Exercise objective: The line with "Linge De Cuisine" marks the start; please set it down along with all later lines through the end of the material, exactly, leaving out pictures.

Data section:
————————

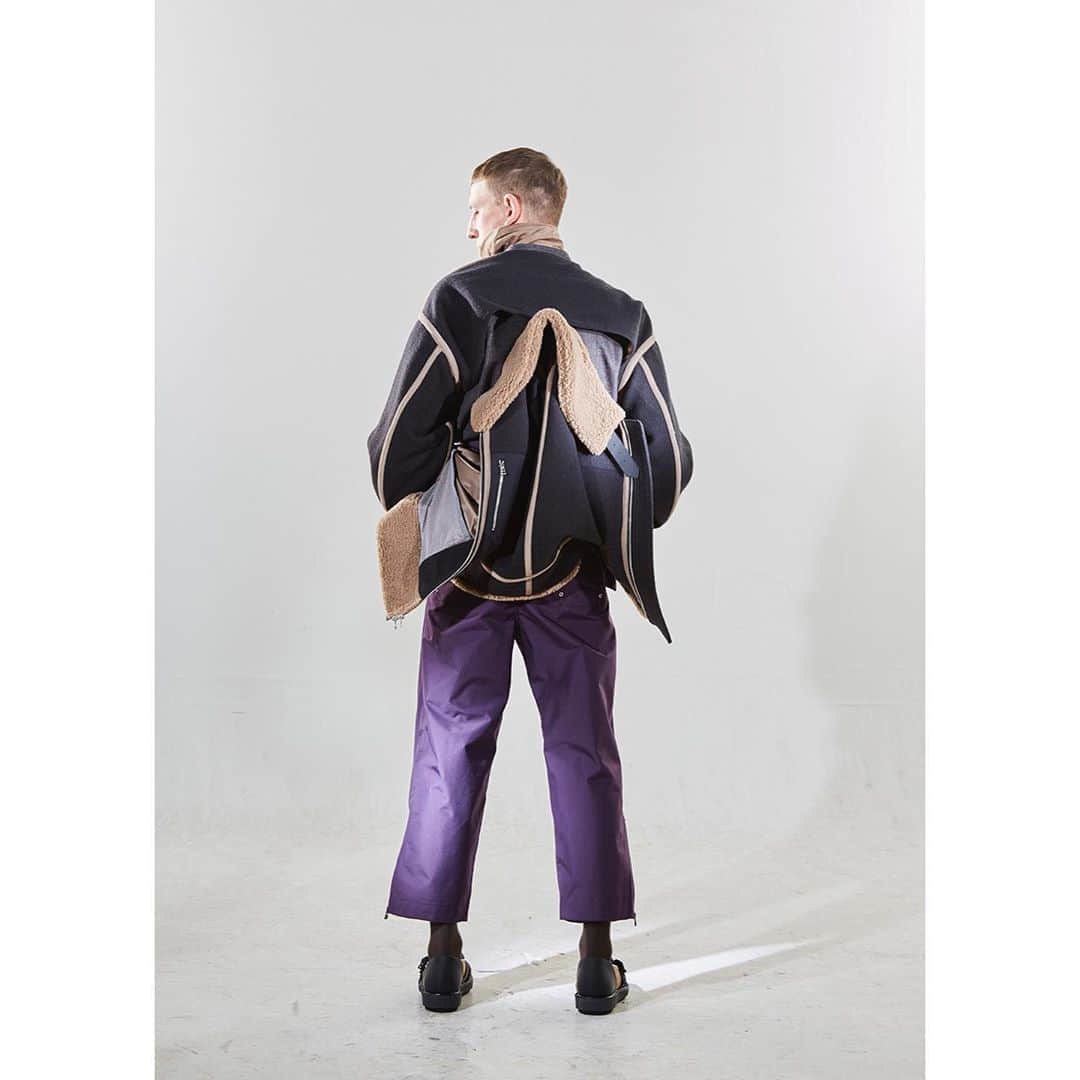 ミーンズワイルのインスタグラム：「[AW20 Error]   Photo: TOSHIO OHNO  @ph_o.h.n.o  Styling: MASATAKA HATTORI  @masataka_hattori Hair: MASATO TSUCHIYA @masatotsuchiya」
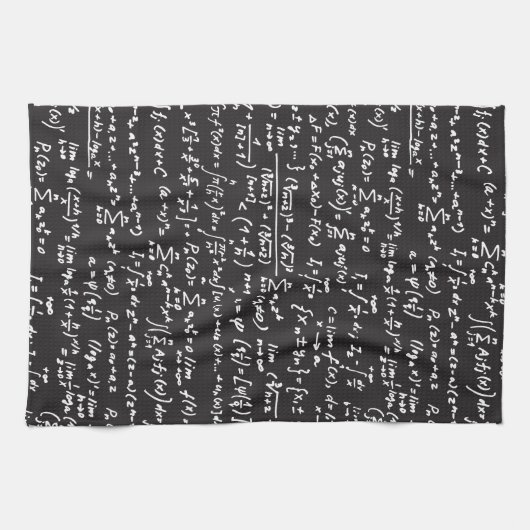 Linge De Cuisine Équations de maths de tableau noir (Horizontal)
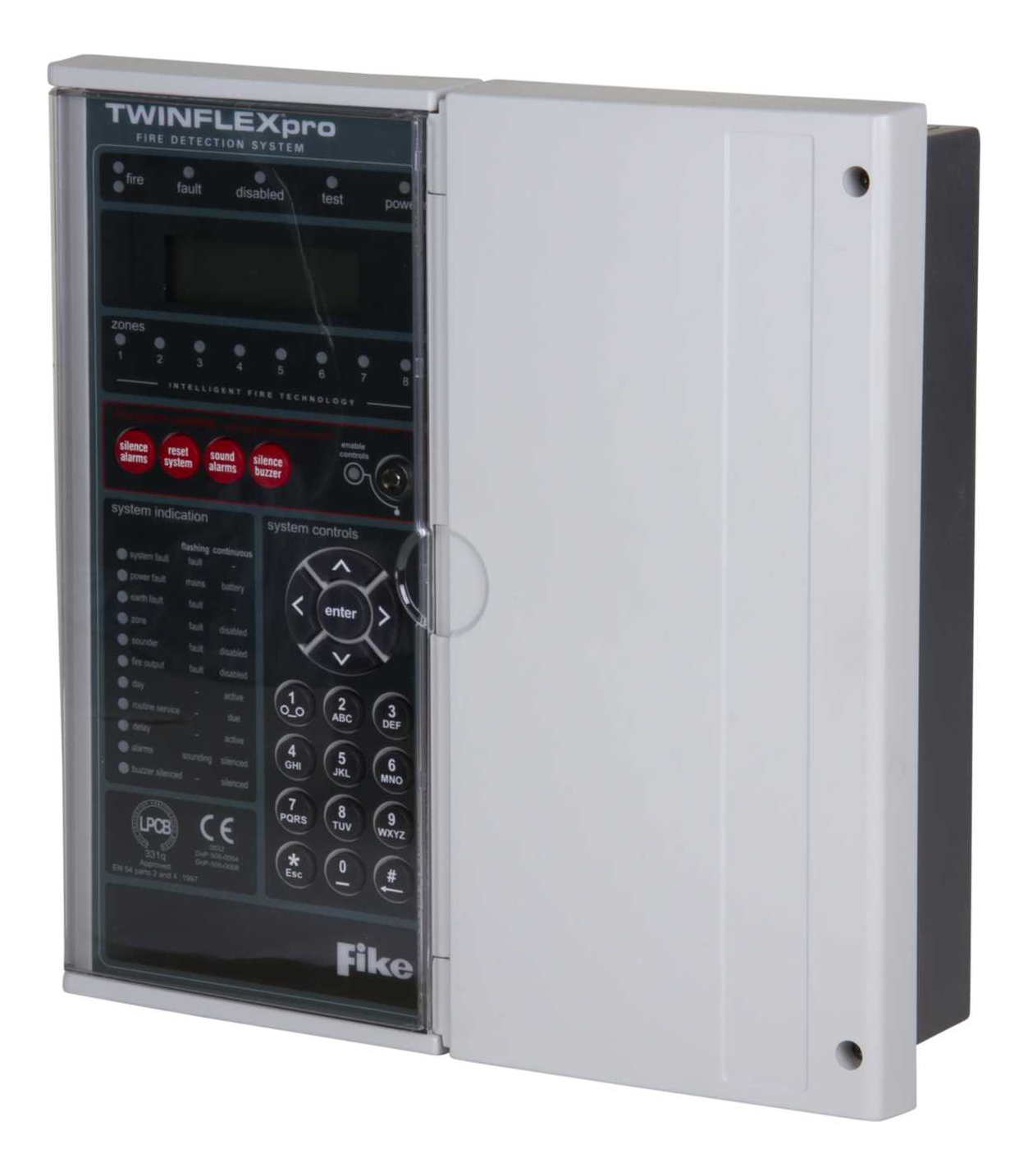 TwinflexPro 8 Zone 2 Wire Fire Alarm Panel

————————

Solution to the problem:
 Linge De Cuisine Équations de maths de tableau noir (Horizontal)
 TwinflexPro 8 Zone 2 Wire Fire Alarm Panel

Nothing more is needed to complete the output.